Print the data verbatim. Leave every image out.

[Opening DATASET EXTRACT section]

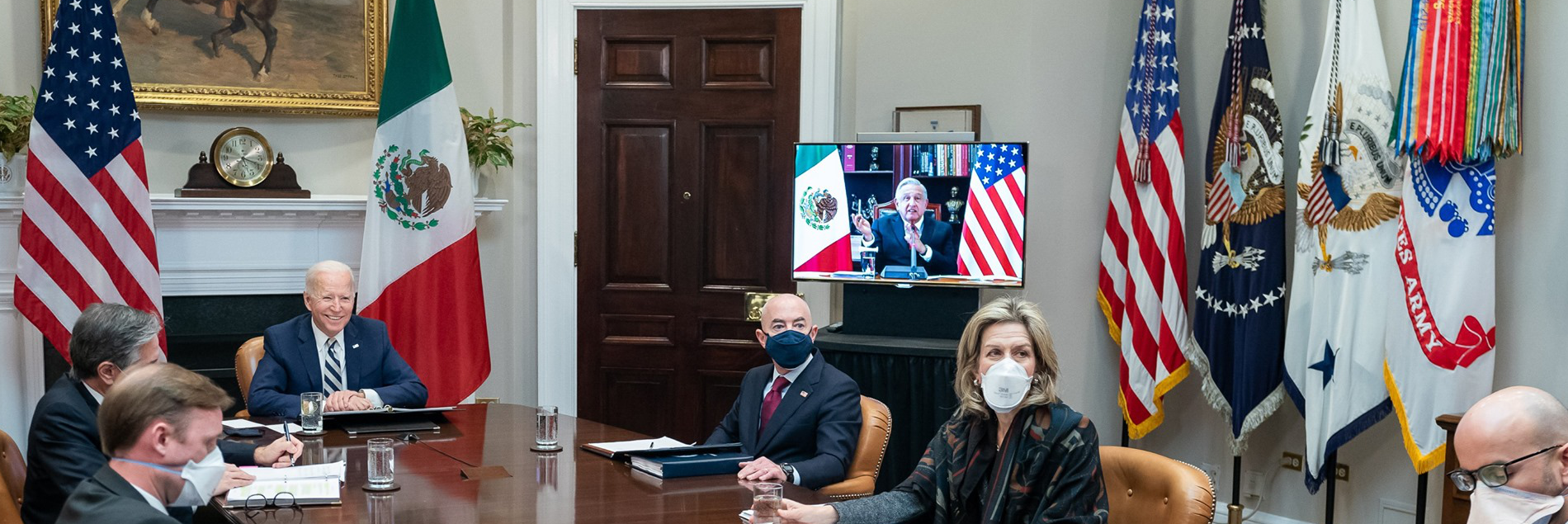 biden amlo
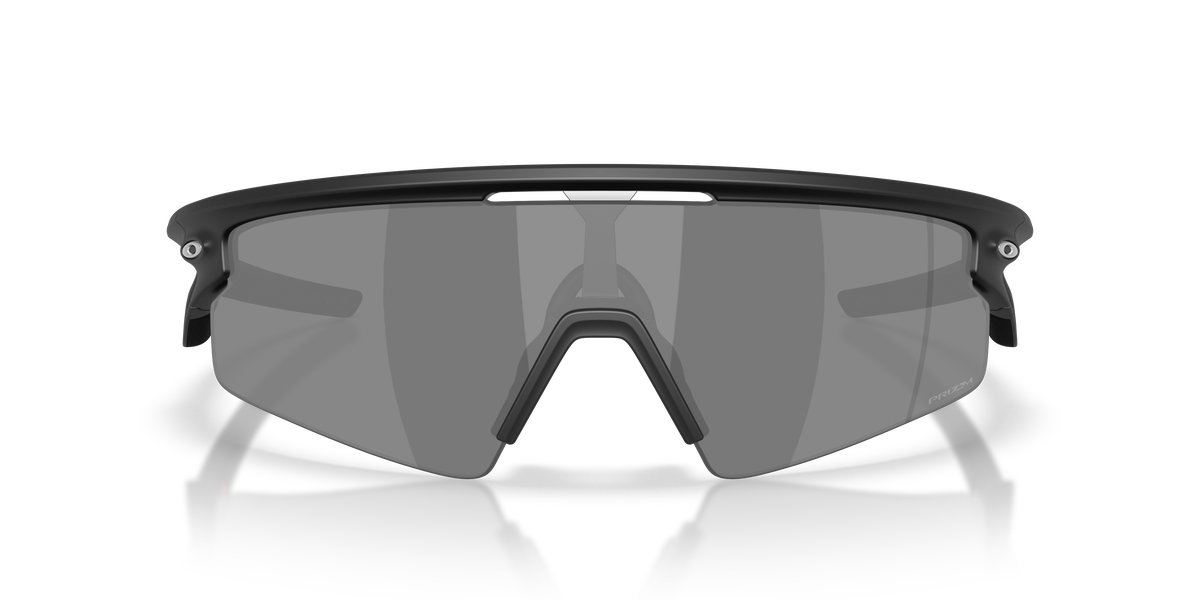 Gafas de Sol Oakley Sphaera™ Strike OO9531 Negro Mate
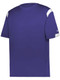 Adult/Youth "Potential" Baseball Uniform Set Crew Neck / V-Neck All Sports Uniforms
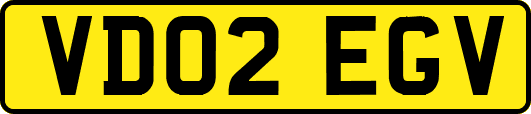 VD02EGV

[Closing DATASET EXTRACT section]

• YOUR SOLUTION:
 biden amlo
 Gafas de Sol Oakley Sphaera™ Strike OO9531 Negro Mate
 Adult/Youth "Potential" Baseball Uniform Set Crew Neck / V-Neck All Sports Uniforms
 VD02EGV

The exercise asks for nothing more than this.